The film seems Hollywoodised, artificial and – seen after the revelations of the death camps – absurdly rose-tinted, with the Roths persecuted, but more so because of what they believe than because of their race. They’re also shot at whilst fleeing the country or made to work in forced labour, not shipped into camps and gassed to death. And The Mortal Storm is the only serious anti-fascist polemic that includes a ski chase.

But the film is very well-cast and acted, with Robert Young’s inherent dislikeability for once put to fairly good use, an interesting part for the very Aryan-looking Robert Stack, and absolutely exceptional performances from Morgan and Sullavan. Morgan, who played the Wizard of Oz and was the only MGM performer on a lifetime contract, was usually utilised as a comedian but was also one of the most underrated dramatic actors of the period, and his turn here is every bit as good as in The Nuisance, The Human Comedy and The Vanishing Virginian (also with director Frank Borzage). Sullavan quit the screen for seven years from 1943, but in her early years made four films with Jimmy Stewart that are still celebrated today, including Lubitsch’s immortal Shop Around the Corner. Few people ever cried as magnificently, or combined the earthy and the ethereal so well, even if she does run funnily.
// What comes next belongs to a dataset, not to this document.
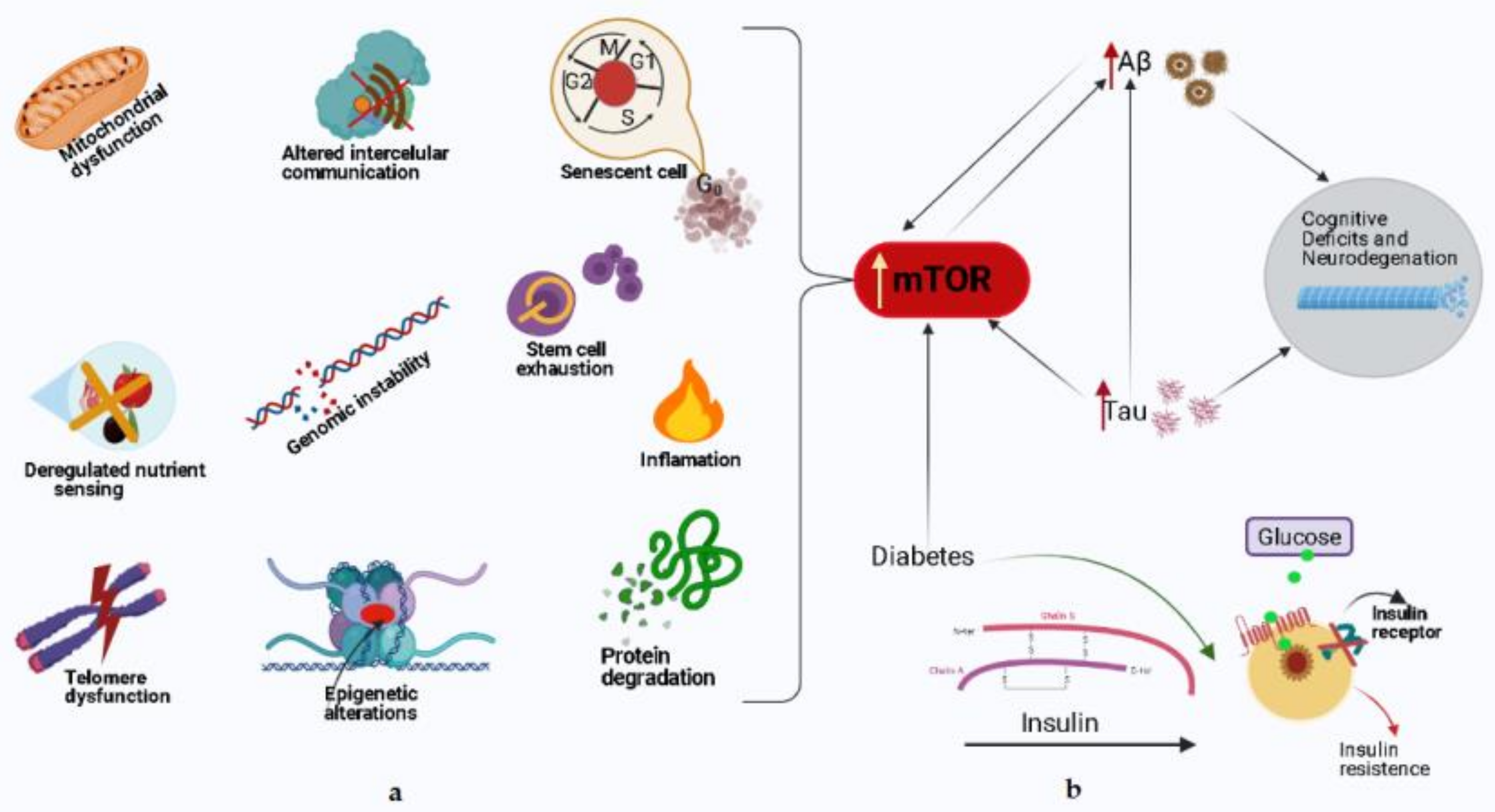 Biomedicines 09 00576 g002 Biomedicines 09 00576 g002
There are also plenty of Borzage’s flourishes here, though until the last scene nothing to rival his magnificent late silents (like Lucky Star, which also employs snow for a memorable finale). Then the camera starts to tell the story, moving around the rooms like Hitchcock’s did in Rebecca the same year, and putting across the film’s rather botched message as well as is really possible. MGM chooses to ally morality with religion and paint its story as one of free speech and intrusive police, love thwarted and God denied. Not a bad start from them, and more credible perhaps than the embarrassingly one-dimensional propaganda pieces that followed, but not as thoughtful, complex or extensive as a film like this really should be.

It was hilariously marketed as basically "another MGM adaptation of a book", adapted as it was from a novel by English author Phyllis Bottome.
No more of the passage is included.